Pakistan won the toss and elected to bat in the second Test. However, they were bowled out for 191 runs inside of 60 overs. Sri Lanka then lost three wickets, ending the first day on 64/3. Sri Lanka were dismissed for 271 runs on day two, with a lead of 80 runs over the hosts. In reply, Shan Masood and Abid Ali made an opening stand of 278 runs, the second-highest partnership for the first wicket for Pakistan in a Test match. Shan Masood, Abid Ali, Azhar Ali and Babar Azam all made centuries, with Pakistan becoming only the second team in Test cricket history to have their top four batsmen to score hundreds. Pakistan eventually declared their innings on 555/3 at lunch on day four. Sri Lanka reached the end of day four with 212 runs, but for the loss of seven wickets. Pakistan only needed 16 balls on the morning of day five to dismiss Sri Lanka, with Naseem Shah taking his first five-wicket haul in Test cricket.
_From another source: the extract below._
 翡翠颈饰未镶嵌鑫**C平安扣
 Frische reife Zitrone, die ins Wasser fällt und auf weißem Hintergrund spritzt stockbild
Pakistan won the match by 263 runs, taking the two-match series 1–0. Abid Ali was named the player of the match and the player of the series.

It was Pakistan's first series win in Pakistan since beating the West Indies 2–0 in November 2006. It was also Pakistan's first series win in Pakistan against Sri Lanka since their 1–0 win in January 1992.

==Squads==

| Tests |  | ODIs |  | T20Is |  |
|---|---|---|---|---|---|
| Pakistan | Sri Lanka | Pakistan | Sri Lanka | Pakistan | Sri Lanka |
| Azhar Ali (c); Mohammad Abbas; Shaheen Afridi; Fawad Alam; Abid Ali; Babar Azam; Kashif Bhatti; Imran Khan; Shan Masood; Mohammad Rizwan (wk); Asad Shafiq; Naseem Shah; Yasir Shah; Usman Shinwari; Haris Sohail; Imam-ul-Haq; | Dimuth Karunaratne (c); Dinesh Chandimal; Niroshan Dickwella; Lasith Embuldeniya; Asitha Fernando; Oshada Fernando; Vishwa Fernando; Lahiru Kumara; Suranga Lakmal; Angelo Mathews; Kusal Mendis; Dilruwan Perera; Kusal Perera (wk); Kasun Rajitha; Lakshan Sandakan; Dhananjaya de Silva; Lahiru Thirimanne; | Sarfaraz Ahmed (c, wk); Babar Azam (vc); Iftikhar Ahmed; Abid Ali; Asif Ali; Mohammad Amir; Mohammad Hasnain; Shadab Khan; Mohammad Nawaz; Wahab Riaz; Mohammad Rizwan; Usman Shinwari; Haris Sohail; Imam-ul-Haq; Imad Wasim; Fakhar Zaman; | Lahiru Thirimanne (c); Minod Bhanuka; Avishka Fernando; Oshada Fernando; Danushka Gunathilaka; Wanindu Hasaranga; Shehan Jayasuriya; Lahiru Kumara; Angelo Perera; Nuwan Pradeep; Kasun Rajitha; Sadeera Samarawickrama (wk); Lakshan Sandakan; Dasun Shanaka; Isuru Udana; | Sarfaraz Ahmed (c, wk); Babar Azam (vc); Iftikhar Ahmed; Asif Ali; Umar Akmal; Mohammad Amir; Faheem Ashraf; Mohammad Hasnain; Shadab Khan; Mohammad Nawaz; Wahab Riaz; Ahmed Shehzad; Usman Shinwari; Haris Sohail; Imam-ul-Haq; Imad Wasim; Fakhar Zaman; | Dasun Shanaka (c); Minod Bhanuka; Avishka Fernando; Oshada Fernando; Danushka Gunathilaka; Wanindu Hasaranga; Shehan Jayasuriya; Lahiru Kumara; Lahiru Madushanka; Angelo Perera; Nuwan Pradeep; Bhanuka Rajapaksa; Kasun Rajitha; Sadeera Samarawickrama (wk); Lakshan Sandakan; Isuru Udana; |

Ahead of the Test series, Suranga Lakmal was ruled out of Sri Lanka's squad with dengue fever, with Asitha Fernando named as his replacement.